Como na época não existia acapela, as músicas eram gravadas inteiras em mono, ao vivo, sem cortes, com cantor e orquestra em uma única pista no estúdio.
Vizcaya precisou utilizar softwares de inteligência artificial para filtrar e separar os instrumentos e vozes com qualidade. Transportando Maysa para um ambiente de sintetizadores, os beats atravessam a música eletrônica e vão do Tropical House e Trip-Hop ao Tech-House.
“O processo em si de reconstruir um novo instrumental para cada faixa foi rápido, porque eu conhecia bem todas as músicas dela, eu as escuto desde que me entendo por gente. As notas e acordes são complicados, mas poli e reduzi os arranjos a algo mais objetivo, embora todos sigam a melodia original. A partitura segue a mesma para o meu remix feito em 2020 e para a original de 1957. O trabalho maior foi ‘filtrar’ a voz da Maysa. Tentei com os softwares existentes no mercado, mas todos trabalham com algoritmos e generalizam o processo, aplicando, digamos, ‘um mesmo template de filtro’ para todos os tipos de músicas. E no meu caso eles não serviram 100% para Maysa. Logo, tive que aplicar recursos técnicos de anulação de fase quase que palavra a palavra da voz dela. Foi na mão, na raça e na paciência mesmo”, revela.
Para Vizcaya, fã de Maysa – que já leu as duas biografias oficiais, assistiu a minissérie produzida pelo filho da cantora, Jayme Monjardim, umas quatro vezes, e herdou os vinis originais da família -, a cantora é a maior diva brasileira de todos os tempos.
“Autora, uma voz de timbre único e uma pessoa de temperamento e personalidade muito fortes. Sem medo, sem papas na língua, que jogou um casamento milionário e um quase título de nobreza na sociedade paulistana para cima, para viver seu sonho da música, viver seu ofício de cantora e intérprete”, descreve.
“Maysa escrevia suas músicas com a alma sangrando e interpretava com o coração na mão banhado em álcool. Foi a primeira brasileira a se apresentar na TV japonesa ao vivo em 1959 e foi aplaudida de pé em Paris, cantando na língua local, um dos seus maiores clássicos ‘Ne Me Quitte Pas, elogiada pelo próprio autor da música, Jaques Brel”, completa.
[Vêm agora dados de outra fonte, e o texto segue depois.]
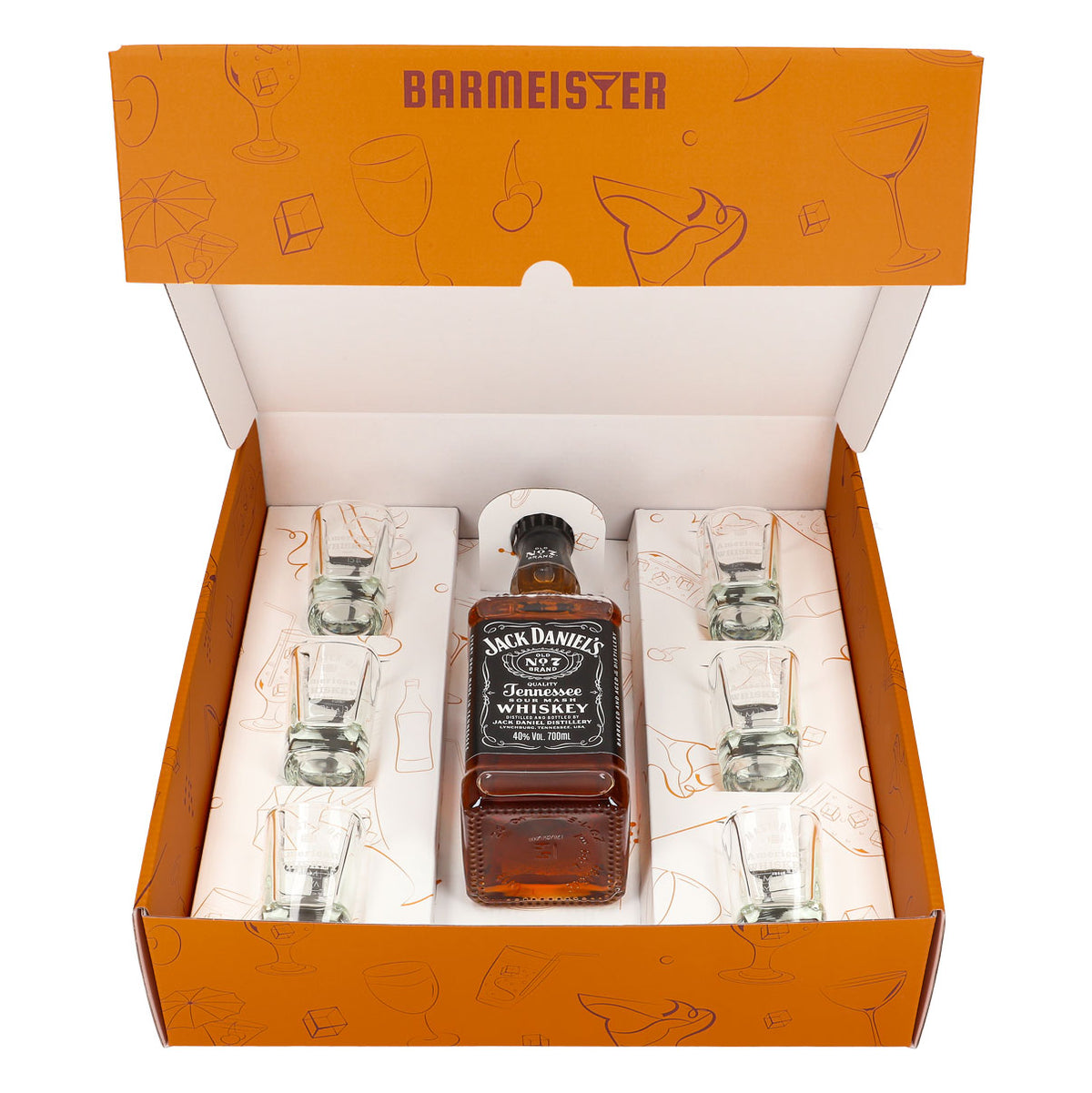 Jack Daniels Geschenkset 0,7l Flasche 40,0 % Vol. + Shotgläser MOAW–Orange – Ansicht 2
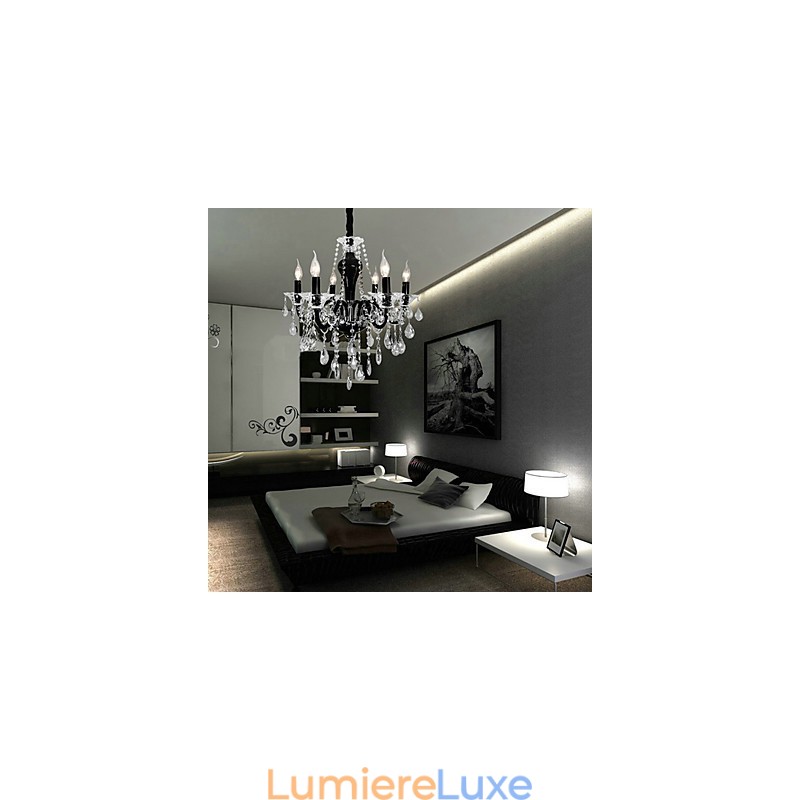 Lustre en cristal à 6 lumières avec accents noirs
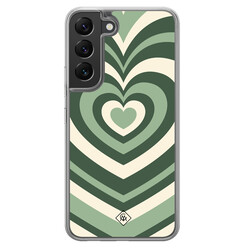 Casimoda Samsung Galaxy S22 hybride hoesje - Groen hart swirl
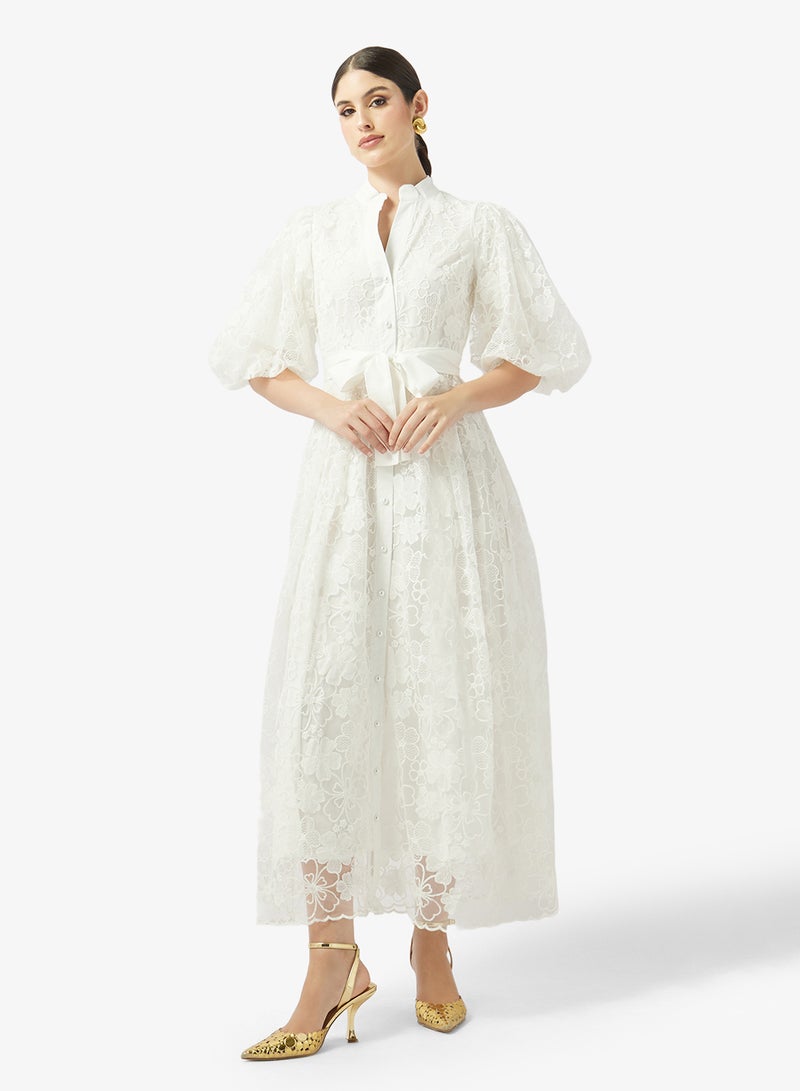 خزانة فستان بياقة مربعة وتنورة واسعة - Image 1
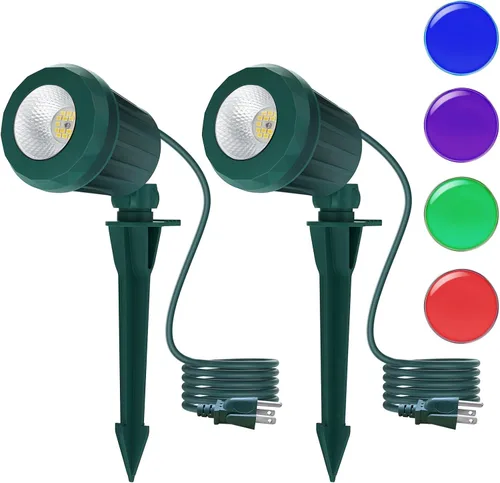 Miniatura 16 de Foco para exteriores – Enchufe de 120 V, 2700 K, luces LED de paisaje blanco cálido con 3 lentes RGB para patio, jardín, césped y decoración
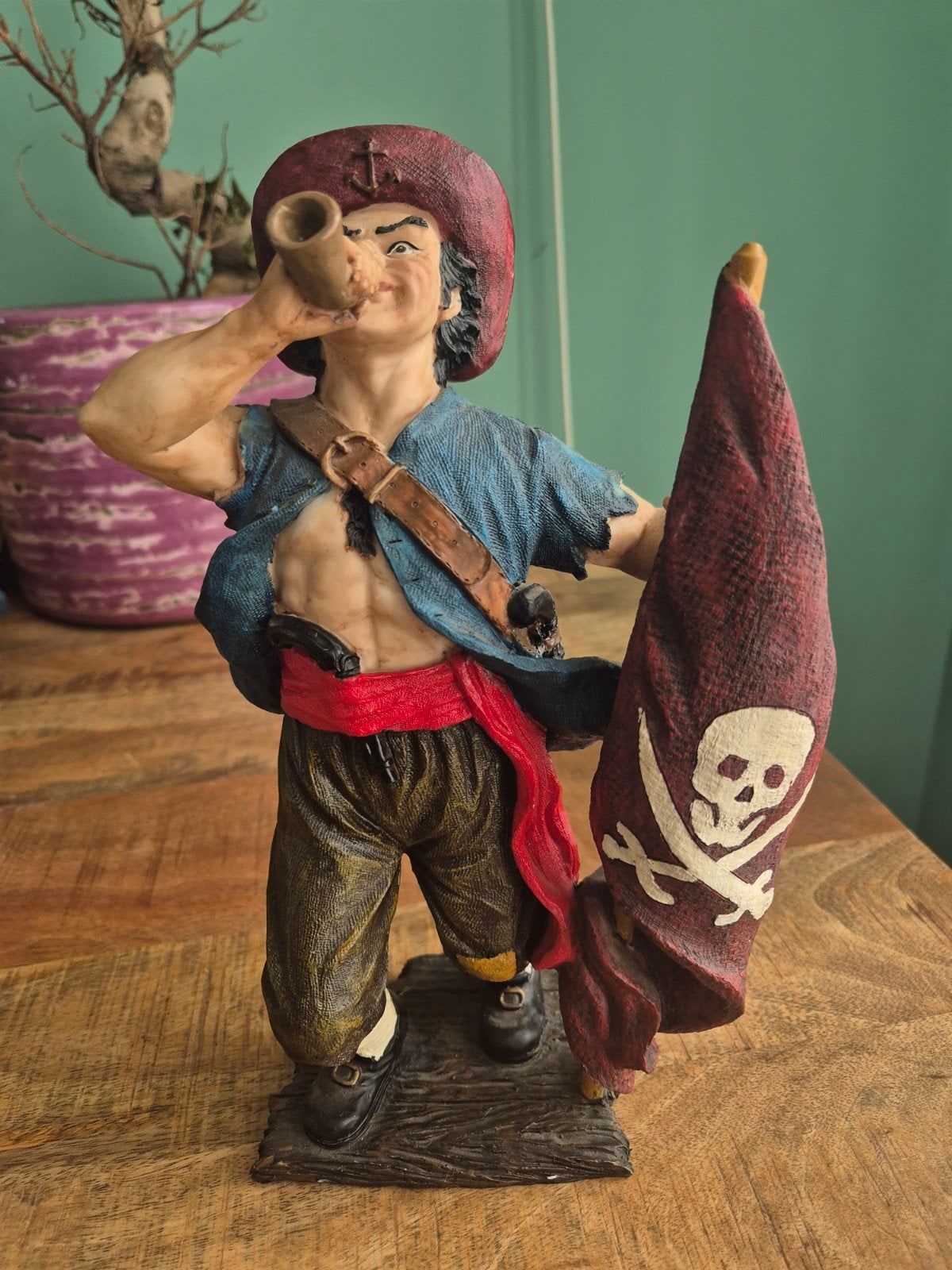 Set van 2 piratenbeelden - Decoratieve figuren, Ophalen of Verzenden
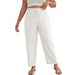 New Arrival 2026 Women's plus Size High Waist Wide Leg Casual Pants Drawstring Solid Color European American Style Long Fashion_ecoleips.com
O amor pelos “dois oceanos não pacíficos” de Maysa o fez trabalhar fielmente nas músicas, com arranjos originais, letras na íntegra e obediência às partituras, mas imprimindo sua marca pessoal na sonoridade. Vizcaya espera que com esse EP as novas gerações possam revisitar a obra da cantora e reconhecer sua importância para a música brasileira, pois “se a alguém interessa saber… sou bem feliz assim. Muito mais do que quem já falou ou vai falar de mim”.